#### Required action
Set down exactly the lines in the records below that run from the line with "Proponiamo in affitto, nel" to the line with "Woman in formal", inclusive, and nothing more.

#### Material for this exercise
^^^^^^^^^^^^^^^^

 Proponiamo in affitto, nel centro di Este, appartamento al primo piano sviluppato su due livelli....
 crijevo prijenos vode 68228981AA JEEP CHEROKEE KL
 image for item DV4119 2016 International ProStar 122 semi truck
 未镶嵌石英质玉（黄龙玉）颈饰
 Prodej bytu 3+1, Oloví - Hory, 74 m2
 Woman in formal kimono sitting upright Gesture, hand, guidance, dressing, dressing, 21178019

^^^^^^^^^^^^^^^^

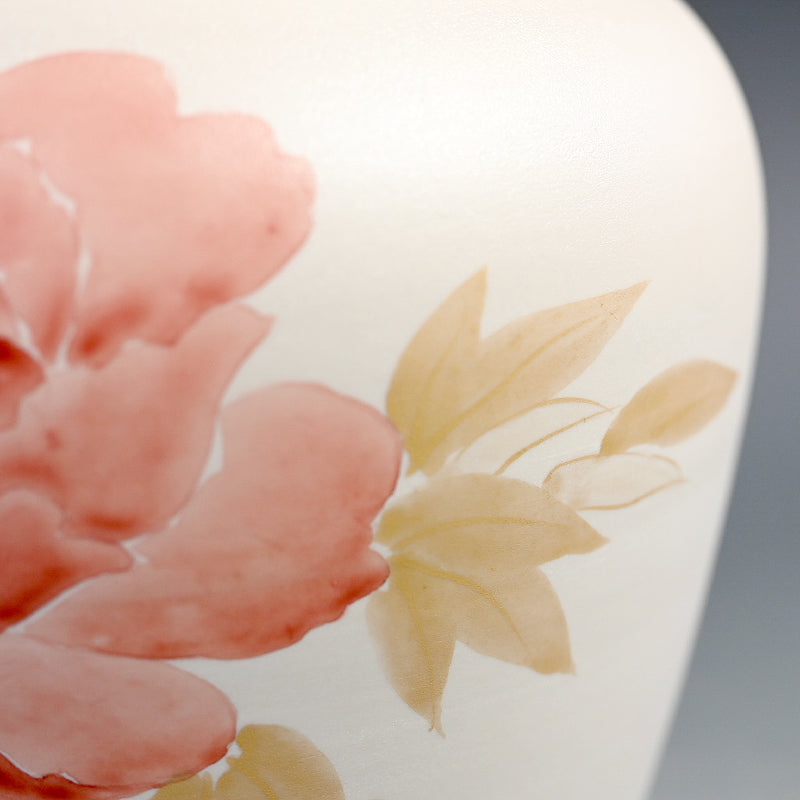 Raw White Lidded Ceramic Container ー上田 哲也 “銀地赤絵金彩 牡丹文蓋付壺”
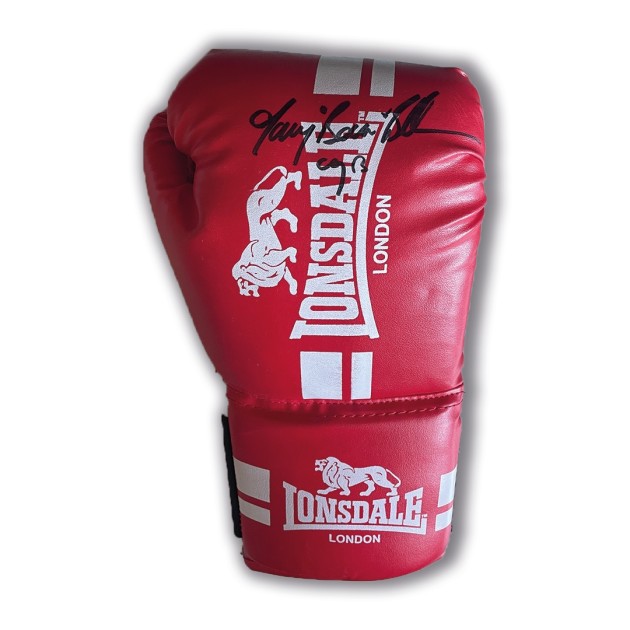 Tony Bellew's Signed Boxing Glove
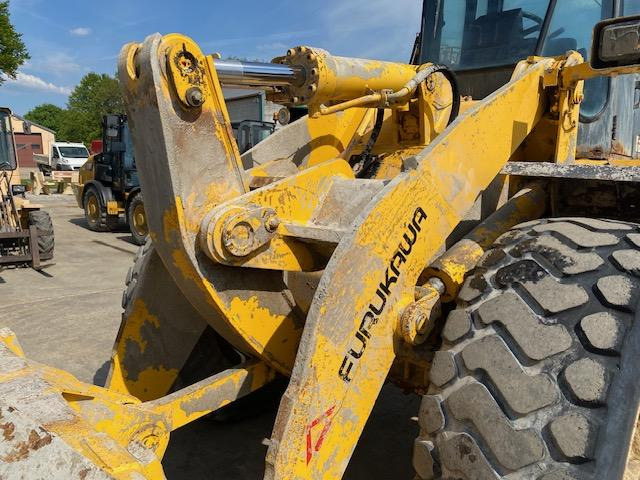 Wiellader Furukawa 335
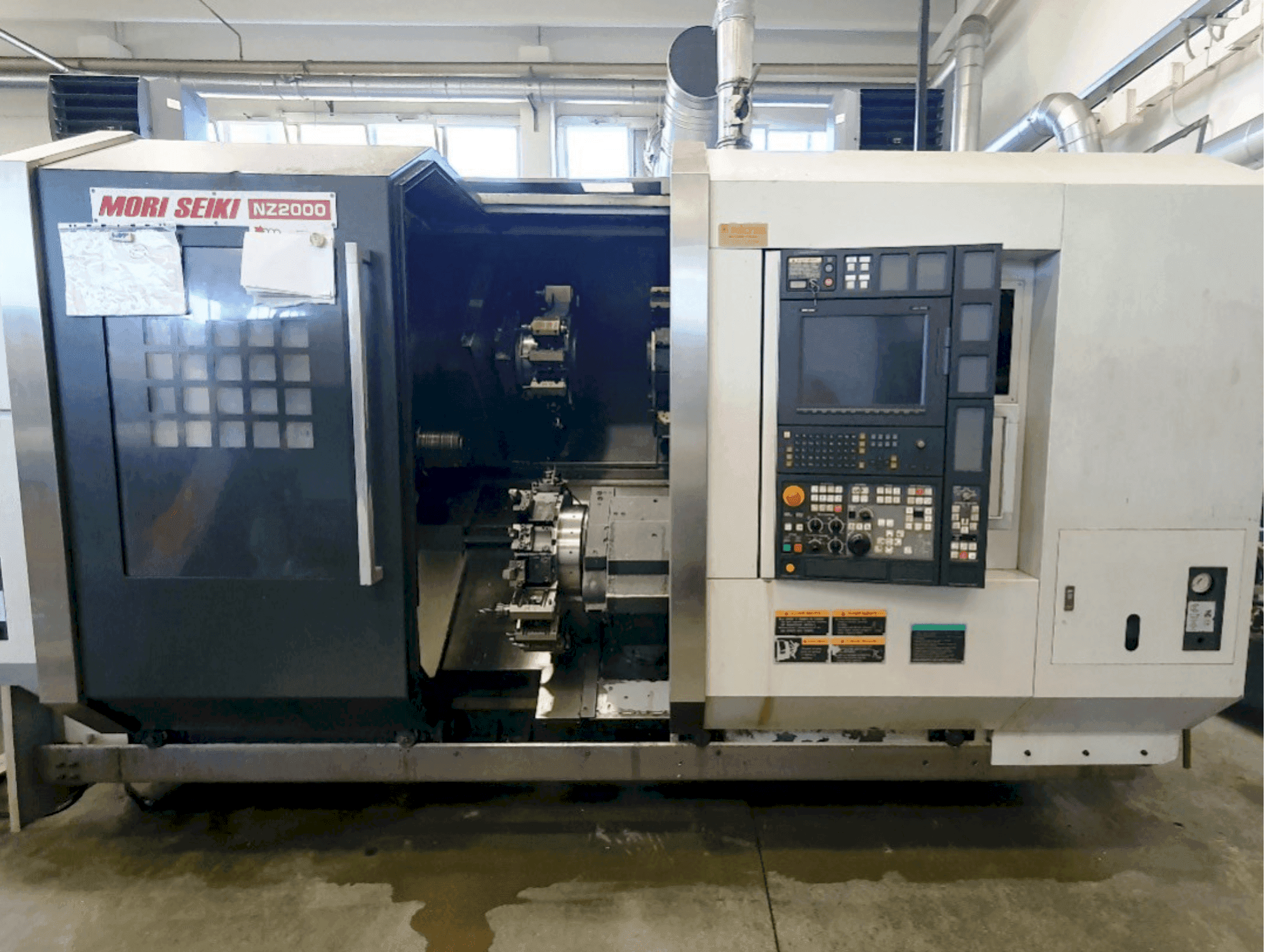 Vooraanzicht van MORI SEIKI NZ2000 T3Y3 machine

^^^^^^^^^^^^^^^^

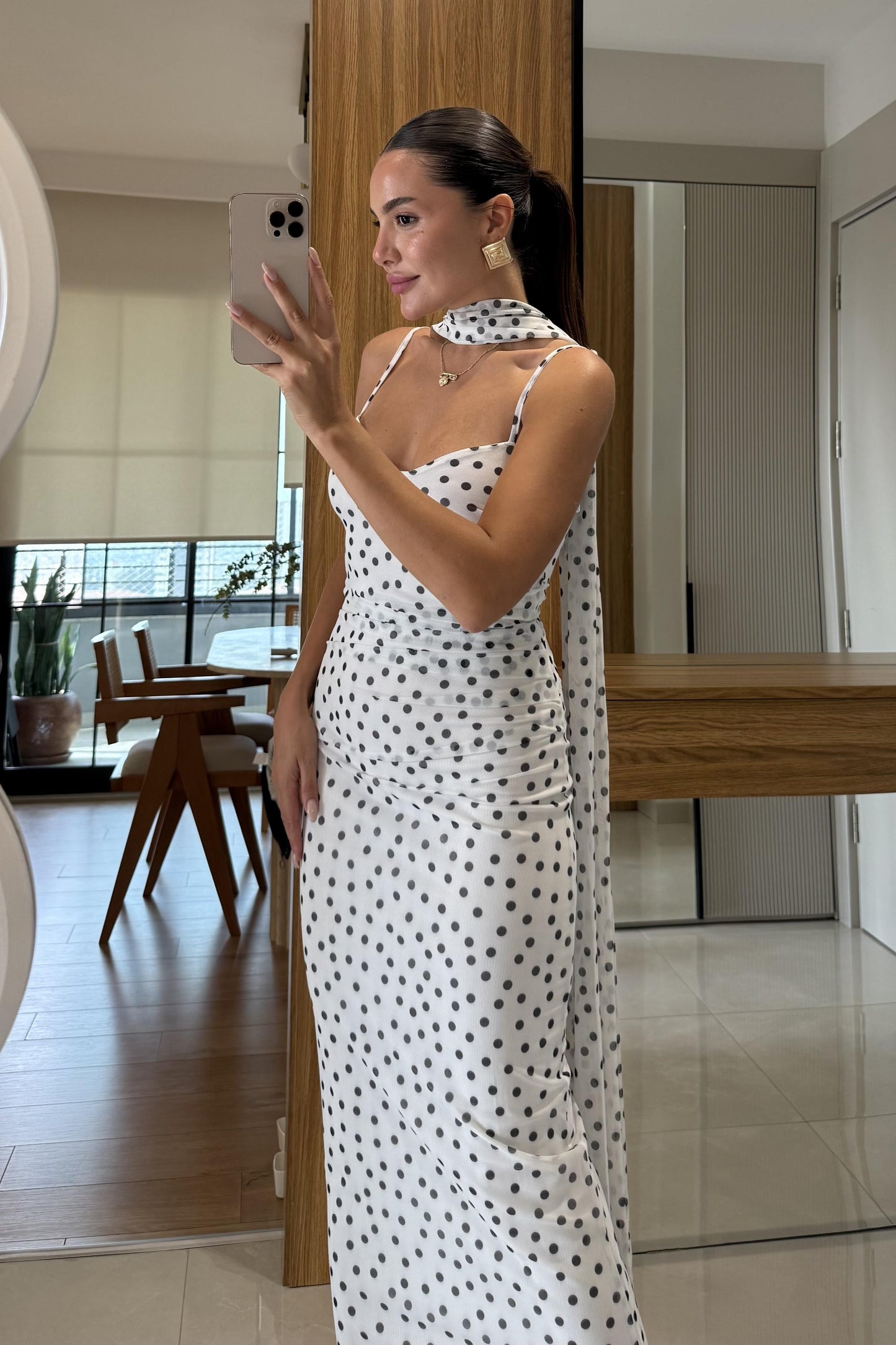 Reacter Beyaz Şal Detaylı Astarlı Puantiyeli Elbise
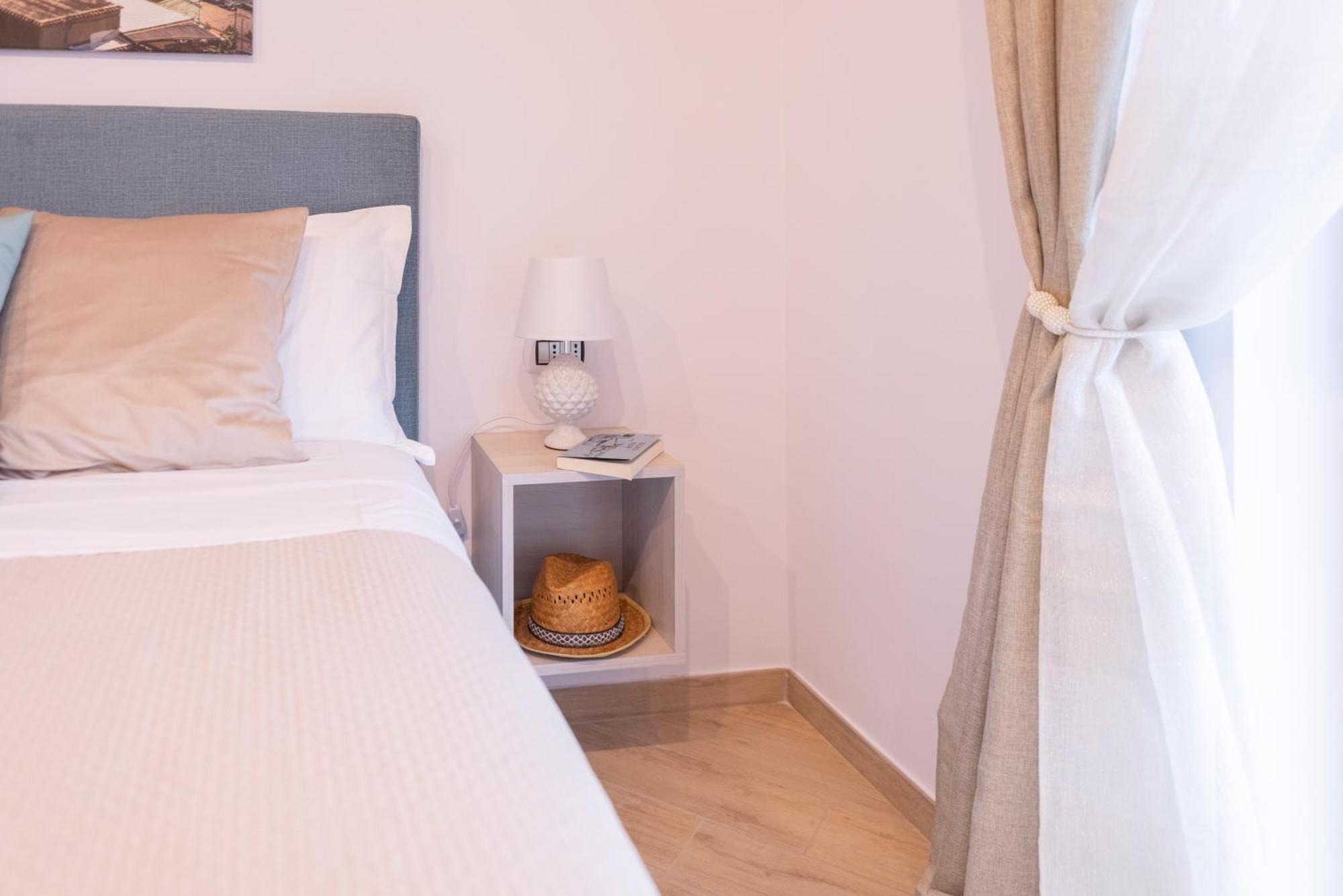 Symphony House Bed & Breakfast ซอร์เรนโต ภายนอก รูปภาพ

^^^^^^^^^^^^^^^^

#### Output for this exercise
 Proponiamo in affitto, nel centro di Este, appartamento al primo piano sviluppato su due livelli....
 crijevo prijenos vode 68228981AA JEEP CHEROKEE KL
 image for item DV4119 2016 International ProStar 122 semi truck
 未镶嵌石英质玉（黄龙玉）颈饰
 Prodej bytu 3+1, Oloví - Hory, 74 m2
 Woman in formal kimono sitting upright Gesture, hand, guidance, dressing, dressing, 21178019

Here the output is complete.